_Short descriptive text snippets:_
──────────

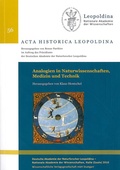 Cover: Analogien in Naturwissenschaften, Medizin und Technik - Wissenschaftliche Verlagsgesellschaft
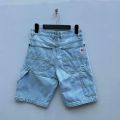 Summer Straight Carpenter Denim Half Shorts For Men. 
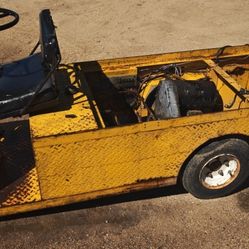 3 Wheel Electric Cart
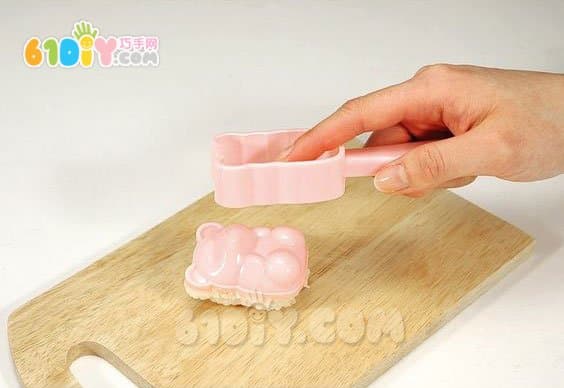 亲子便当DIY 熊猫饭团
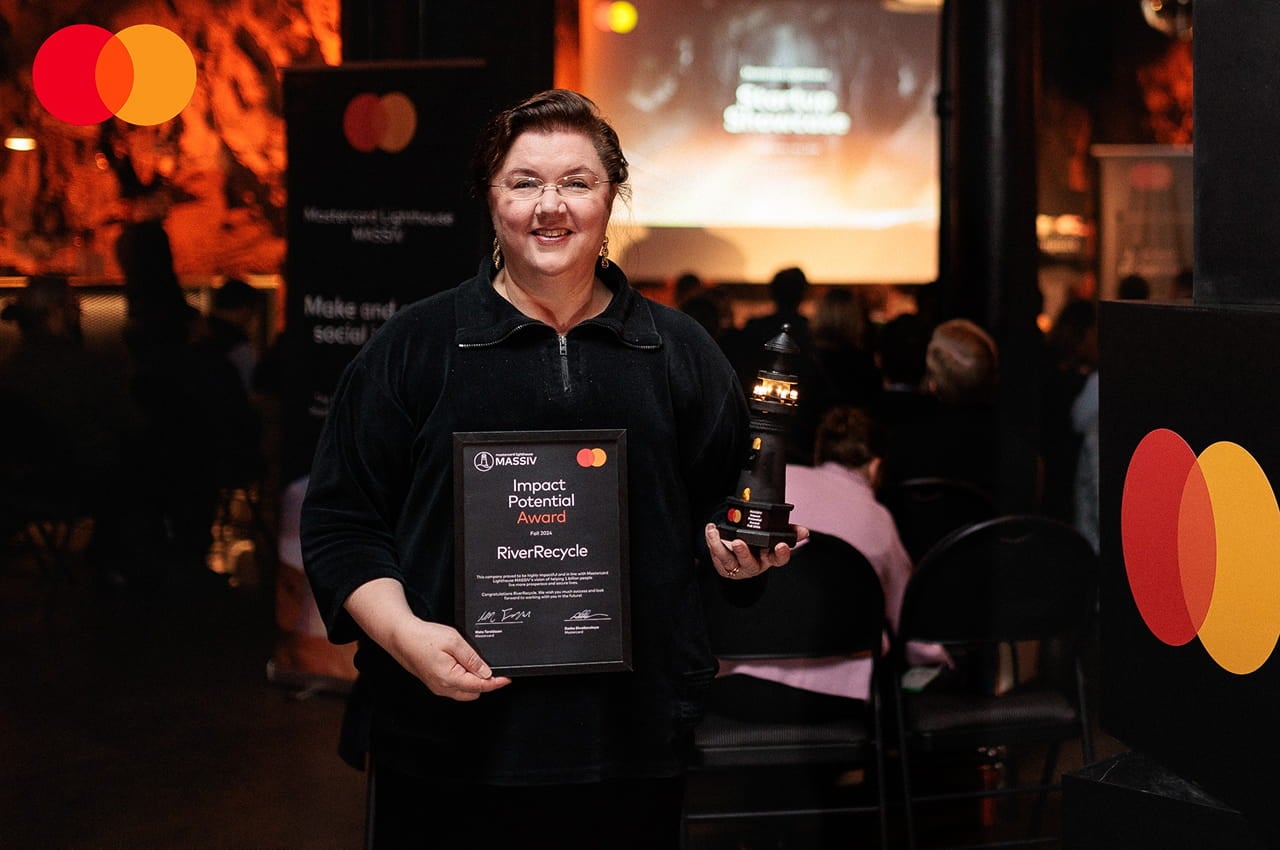 riverrecycle impact award winner portrait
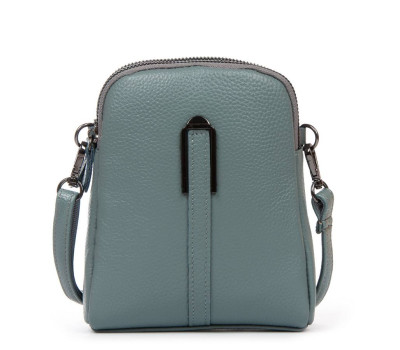 Сумка Женская Клатч кожа ALEX RAI 88089 blue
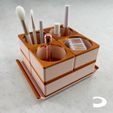 Infinite-Containers-Makeup-Organizer-01L.jpg Modular Makeup Cosmetics Organizer Box with Tray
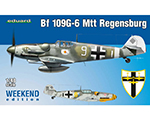 Messerschmitt Bf 109G-6 MTT Regensburg Weekend Edition 1:48 eduard ED84143
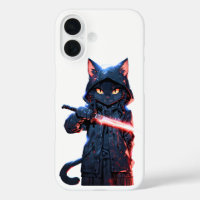 Gato Ninja Oscuro | Arte de Asesino de Anime con H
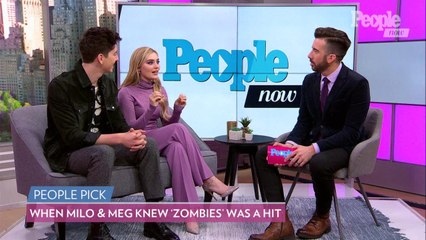 'Zombies 2' Stars Milo Manheim and Meg Donnelly Reveal Their Craziest Fan Encounters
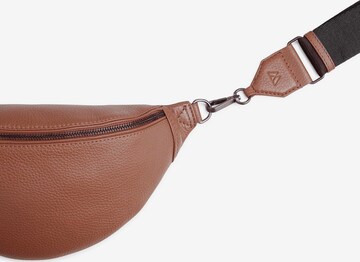 MARKBERG Fanny Pack 'ElinorMBG' in Brown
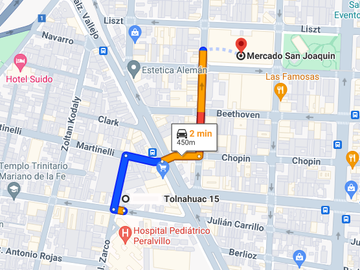 Departamento en Venta San Simón Tolnahuac Cuauhtémoc CDMX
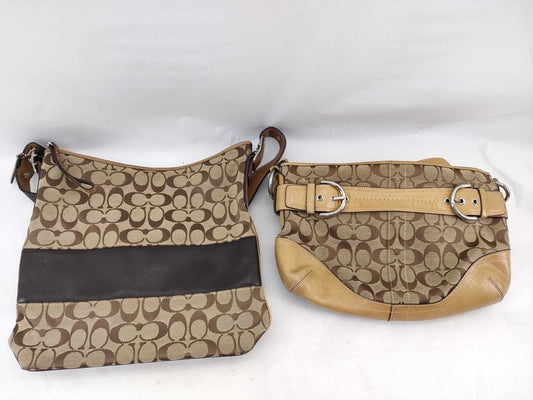 COACH Signature 7077/6072 Shoulder Bag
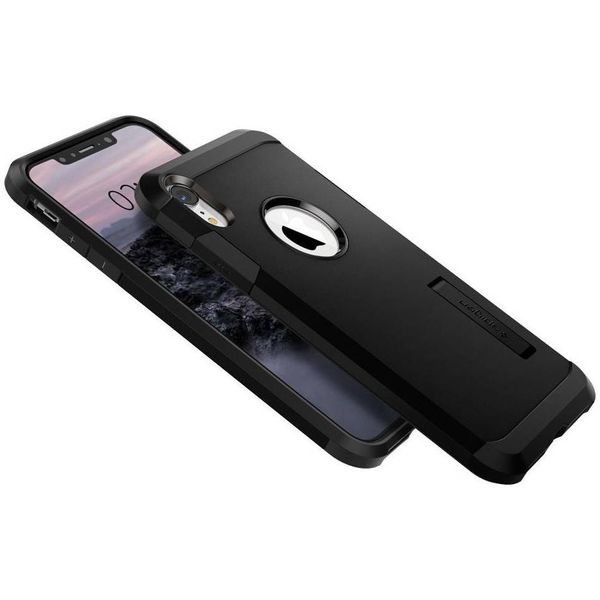 Spigen Coque Tough Armor Apple iPhone Xr - Noir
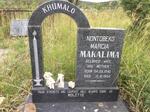 KHUMALO Nontobeko Marcia 1940-1994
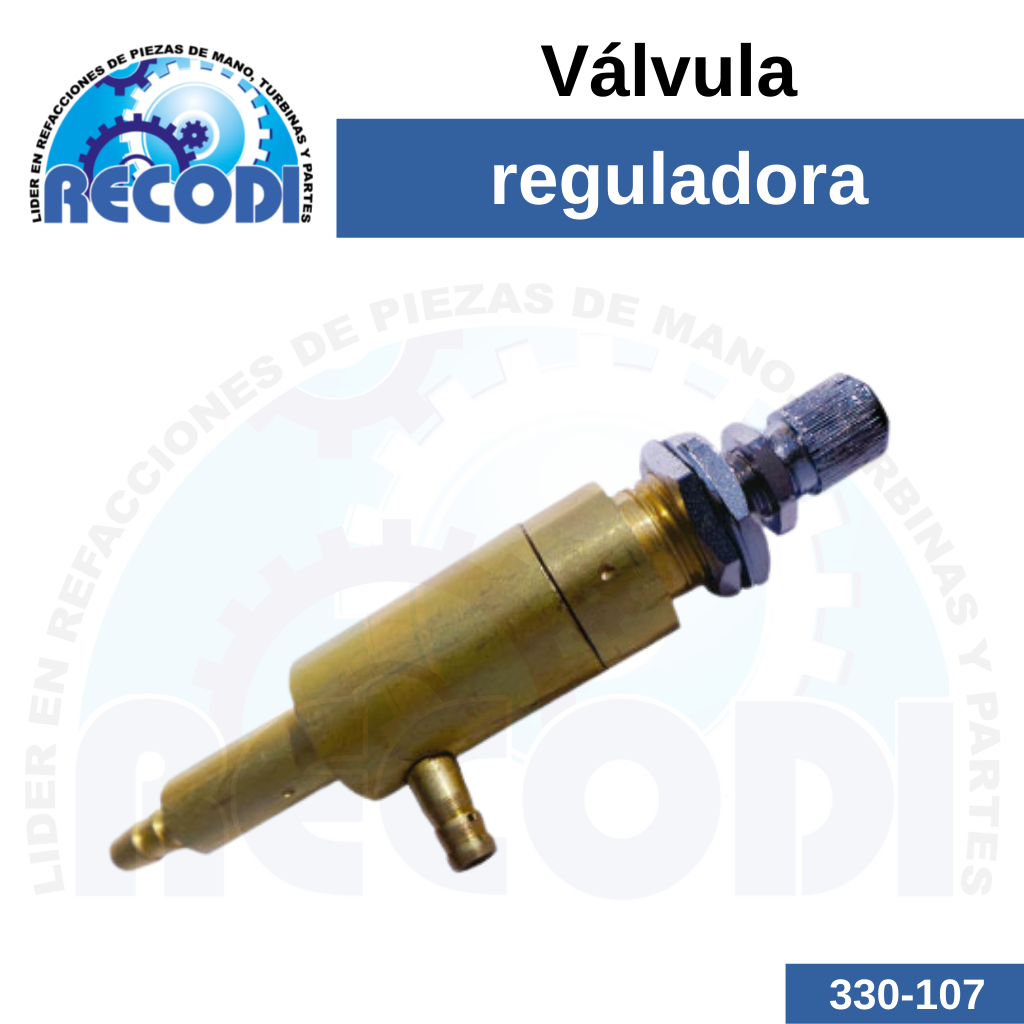 Válvula reguladora flush
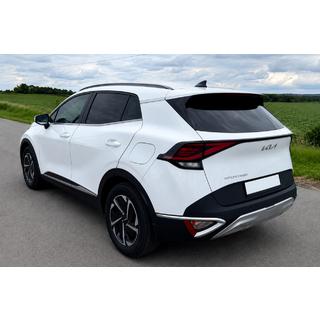 Integrované střešní ližiny černé OEM (ABS plast, montáž lepením) Kia Sportage 2021– fotografie 2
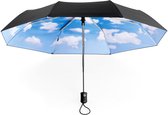 MoMA - Parapluie Pliant au Design Compact - Modèle Sky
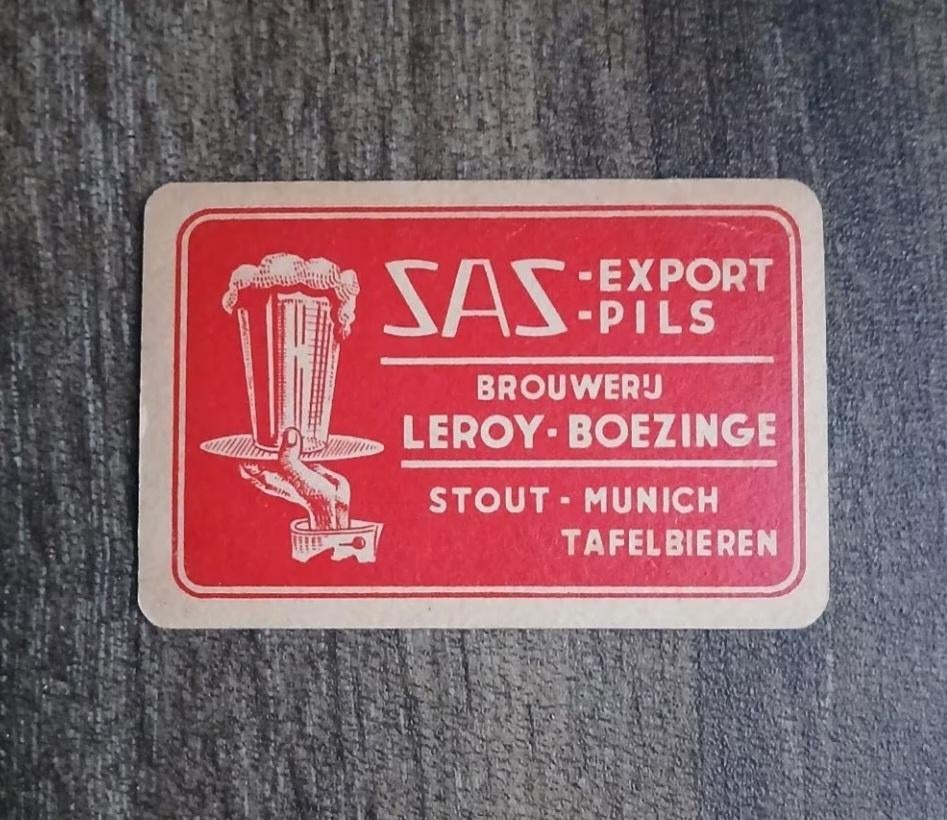 Speelkaart,Export, Ophalen of Verzenden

──────────

_WORK ITEM:_ Set the pictures aside and reproduce the data above exactly.

_YOUR RESPONSE:_
 Cover: Analogien in Naturwissenschaften, Medizin und Technik - Wissenschaftliche Verlagsgesellschaft
 Summer Straight Carpenter Denim Half Shorts For Men. 
 3 Wheel Electric Cart
 亲子便当DIY 熊猫饭团
 riverrecycle impact award winner portrait
 Сумка Женская Клатч кожа ALEX RAI 88089 blue
 Infinite-Containers-Makeup-Organizer-01L.jpg Modular Makeup Cosmetics Organizer Box with Tray
 Messerschmitt Bf 109G-6 MTT Regensburg Weekend Edition 1:48 eduard ED84143
 Gato Ninja Oscuro | Arte de Asesino de Anime con H
 'Zombies 2' Stars Milo Manheim and Meg Donnelly Reveal Their Craziest Fan Encounters
 MARKBERG Fanny Pack 'ElinorMBG' in Brown
 Departamento en Venta San Simón Tolnahuac Cuauhtémoc CDMX
 COACH Signature 7077/6072 Shoulder Bag
 Spigen Coque Tough Armor Apple iPhone Xr - Noir
 KHUMALO Nontobeko Marcia 1940-1994
 Válvula reguladora flush
 Integrované střešní ližiny černé OEM (ABS plast, montáž lepením) Kia Sportage 2021– fotografie 2
 MoMA - Parapluie Pliant au Design Compact - Modèle Sky
 Speelkaart,Export, Ophalen of Verzenden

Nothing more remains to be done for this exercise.